Referring to FIG. 2, the conventional stacked BGA semiconductor package includes a first semiconductor package 40A stacked on a second semiconductor package 40B. The first semiconductor package 40A includes a first substrate 10 a and a first semiconductor chip 20 a disposed on the first substrate 10 a, and the second semiconductor package 40B includes a second substrate 10 b and a second semiconductor chip 20 b disposed on the second substrate 10 b.

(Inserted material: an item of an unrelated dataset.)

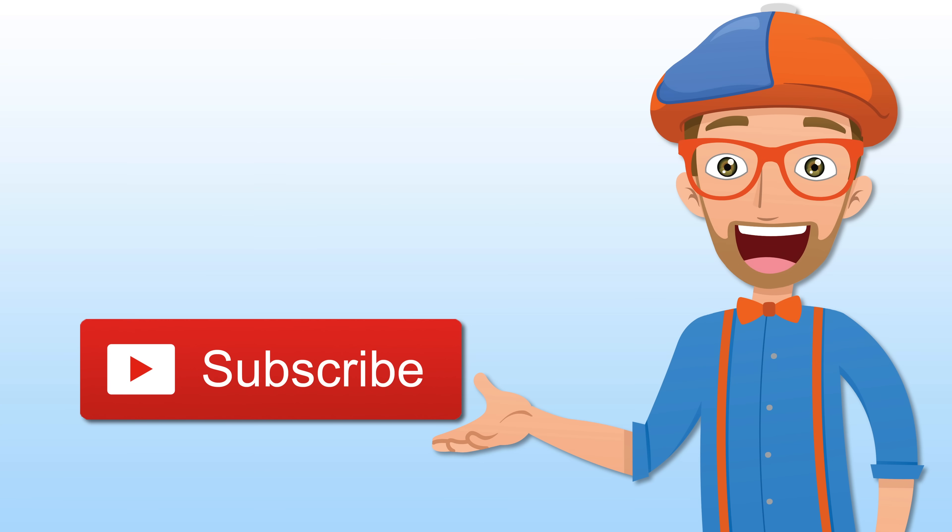Hey parents, if your youngster loves my videos, be sure to click that big red subscribe button so you can be notified when I have a brand new video. Alright, buh-bye!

First solder balls 30 a provided on first landing pads 11 a formed in a lower surface of the first substrate 10 a contact second landing pads 11 b formed in an upper surface of the second substrate 10 b to connect the first semiconductor package 40A to the second semiconductor package 40B. Second solder balls 30 b are provided on third landing pads 11 c formed in a lower surface of the second substrate 10 b.
Due to warpage of the first substrate 10 a and/or the second substrate 10 b, junctions of the first solder balls 30 a connecting the first semiconductor package 40A to the second semiconductor package 40B may not be uniform. Furthermore, the first semiconductor package 40A and the second semiconductor package 40B may be physically or electrically disconnected from each other. Also, the overall height of the stacked BGA semiconductor package may increase by the sum (H1+H2) of heights of each of the first and second solder balls 30 a and 30 b.
Therefore, an integration degree of a semiconductor device is limited when the semiconductor packages are stacked according to the conventional art. Problems with the conventional technologies as described above may obstruct efforts directed to miniaturization and reducing thickness of the stacked semiconductor package.

SUMMARY

The present invention provides a semiconductor package for improving an integration degree, in which semiconductor packages are stably stacked.
Embodiments of the present invention provide semiconductor packages. The semiconductor packages include: a substrate including landings provided in depressed grooves of both sides of the substrate, and bond fingers formed on an upper surface of the substrate, wherein the landings include a conductive material; a semiconductor chip disposed on the substrate and including bond pads; wires connecting the bond pads to the bond fingers; and an encapsulant encapsulating the semiconductor chip and the wires.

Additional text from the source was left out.